# for no reason, bluetooth says "Thank You Good bye"



## RobD (Feb 26, 2013)

Hi Folks,

I just bought a 2012 Chevy Cruze with bluetooth. For no reason the bluetooth says, "Thank You, good bye" over and over again. It interrupts my music several times every day:angry: and without me using any bluetooth devices, though I keep my smart phone on me at all times (it is paired OK), but I don't touch it or ask for any bluetooth services.

This has happened as often a 6 or 7 times during a 15 minute trip.

Anybody else experiencing this problem? Any hints of how to make it stop?!?

Thanks all,

RobD


----------



## mcg75 (Mar 5, 2012)

Did you try saying your welcome when it said goodbye? 

Sorry I couldn't be of any more help than that.
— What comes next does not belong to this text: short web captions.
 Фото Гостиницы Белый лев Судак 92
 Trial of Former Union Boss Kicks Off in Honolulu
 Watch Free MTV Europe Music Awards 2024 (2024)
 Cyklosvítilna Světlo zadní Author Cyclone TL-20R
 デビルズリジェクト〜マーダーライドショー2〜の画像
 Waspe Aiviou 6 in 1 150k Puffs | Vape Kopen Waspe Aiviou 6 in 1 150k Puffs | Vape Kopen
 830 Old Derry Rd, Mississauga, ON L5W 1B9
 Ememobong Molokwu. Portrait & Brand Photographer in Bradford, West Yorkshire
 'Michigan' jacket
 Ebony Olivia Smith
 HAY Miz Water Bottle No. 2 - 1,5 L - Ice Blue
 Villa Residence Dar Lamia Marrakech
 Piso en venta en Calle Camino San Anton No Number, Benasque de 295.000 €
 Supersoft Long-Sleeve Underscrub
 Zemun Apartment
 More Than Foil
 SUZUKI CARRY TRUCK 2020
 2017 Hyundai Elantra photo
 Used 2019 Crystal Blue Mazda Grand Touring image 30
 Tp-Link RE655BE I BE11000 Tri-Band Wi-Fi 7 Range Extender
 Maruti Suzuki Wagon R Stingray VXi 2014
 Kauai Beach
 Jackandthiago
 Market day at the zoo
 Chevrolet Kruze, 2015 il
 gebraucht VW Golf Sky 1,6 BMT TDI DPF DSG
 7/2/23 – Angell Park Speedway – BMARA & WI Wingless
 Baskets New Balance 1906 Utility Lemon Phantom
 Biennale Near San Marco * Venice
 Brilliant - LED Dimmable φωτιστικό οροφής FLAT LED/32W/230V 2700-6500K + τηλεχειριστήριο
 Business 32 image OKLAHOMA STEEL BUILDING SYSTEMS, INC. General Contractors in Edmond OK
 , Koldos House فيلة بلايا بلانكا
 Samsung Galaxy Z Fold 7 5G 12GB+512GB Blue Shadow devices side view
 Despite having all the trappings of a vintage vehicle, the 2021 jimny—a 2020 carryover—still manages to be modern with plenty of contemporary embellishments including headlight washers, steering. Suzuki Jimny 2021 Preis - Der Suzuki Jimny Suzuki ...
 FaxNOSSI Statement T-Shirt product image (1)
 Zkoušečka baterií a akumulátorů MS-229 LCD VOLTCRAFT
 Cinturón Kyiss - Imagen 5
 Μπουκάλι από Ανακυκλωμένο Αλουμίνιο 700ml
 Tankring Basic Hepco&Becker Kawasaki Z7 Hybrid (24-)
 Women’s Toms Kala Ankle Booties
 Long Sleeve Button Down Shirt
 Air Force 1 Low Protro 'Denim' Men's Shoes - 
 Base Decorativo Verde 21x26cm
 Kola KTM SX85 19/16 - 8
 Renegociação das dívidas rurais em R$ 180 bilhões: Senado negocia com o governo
I have not heard of this issue with anyone else at this point.


----------



## coinneach (Apr 10, 2012)

I've had this happen before (just today, AAMOF). It's usually because my phone is on silent or very low volume and I have an incoming text.


----------



## obermd (Mar 3, 2012)

Is this Bluetooth music or bluetooth calling? The 2012s didn't have factory installed Bluetooth music.


----------



## RobD (Feb 26, 2013)

Not in silent mode and no texts


----------



## RobD (Feb 26, 2013)

That's right - no Bluetooth music either


----------



## RobD (Feb 26, 2013)

Help!


----------



## Mick (Dec 31, 2011)

Have you been bad mouthing the Cruze, Cruzetalk, or GM in general? Maybe saying how much better a prius is?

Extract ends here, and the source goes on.